- Exercise brief
Everything from the line containing "RILASTIL SUN SYSTEM 30 COMPRESSE" through the last line of the entries needs to be repeated exactly. Pictures must be left out.

- Task data
-*-
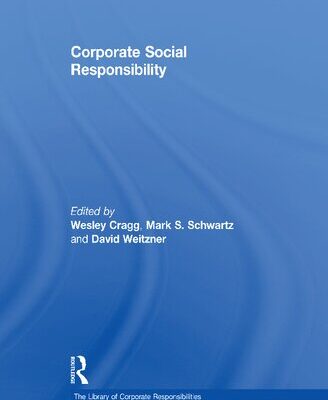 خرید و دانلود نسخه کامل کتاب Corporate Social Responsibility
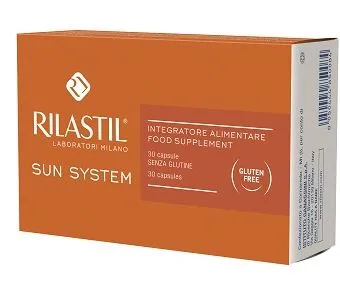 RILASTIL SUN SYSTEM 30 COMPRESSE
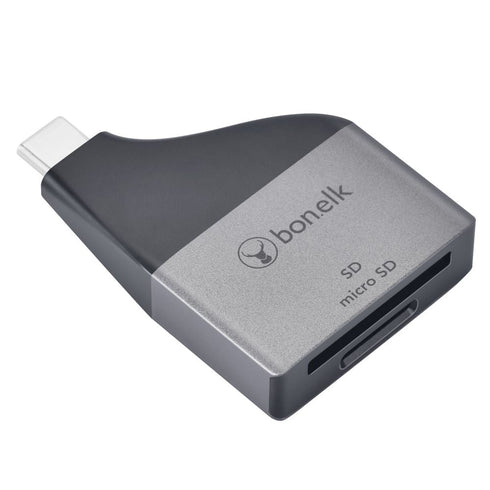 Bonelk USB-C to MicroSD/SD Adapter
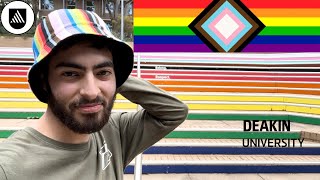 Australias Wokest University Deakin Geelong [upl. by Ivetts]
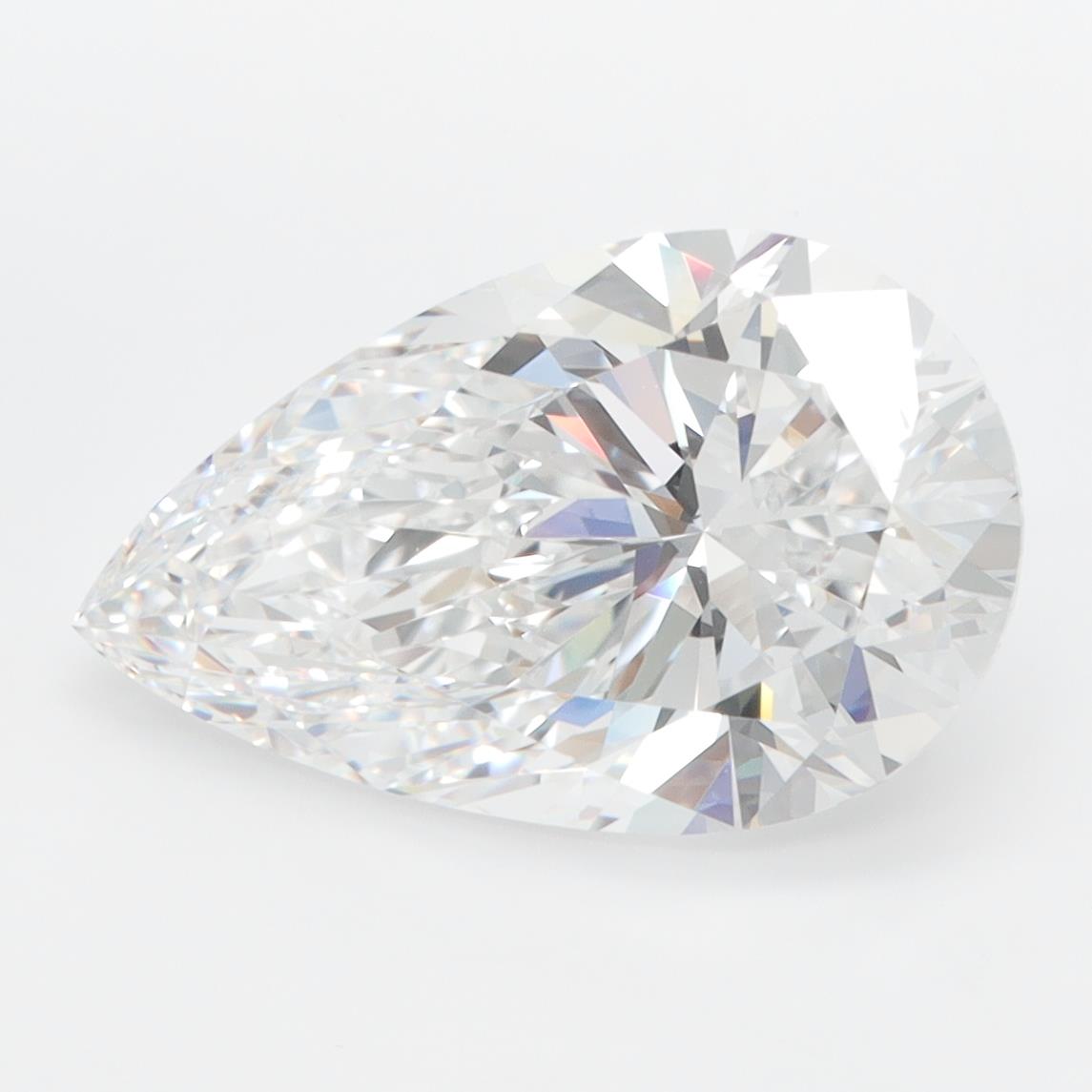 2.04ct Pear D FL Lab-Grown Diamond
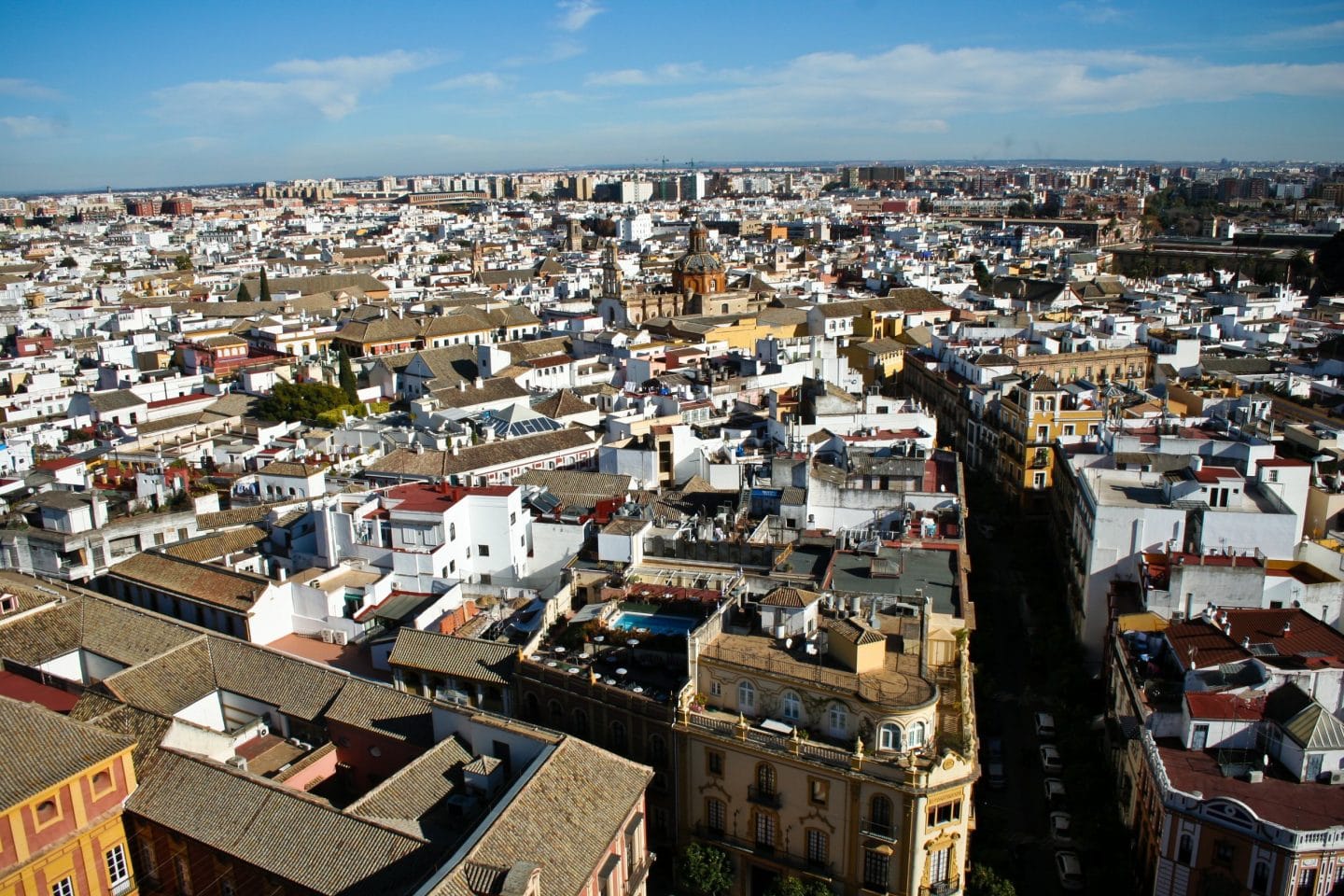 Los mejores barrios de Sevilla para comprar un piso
-*-
- Answer box
 RILASTIL SUN SYSTEM 30 COMPRESSE
 Bonelk USB-C to MicroSD/SD Adapter
 Australias Wokest University Deakin Geelong [upl. by Ivetts]
 2.04ct Pear D FL Lab-Grown Diamond
 Los mejores barrios de Sevilla para comprar un piso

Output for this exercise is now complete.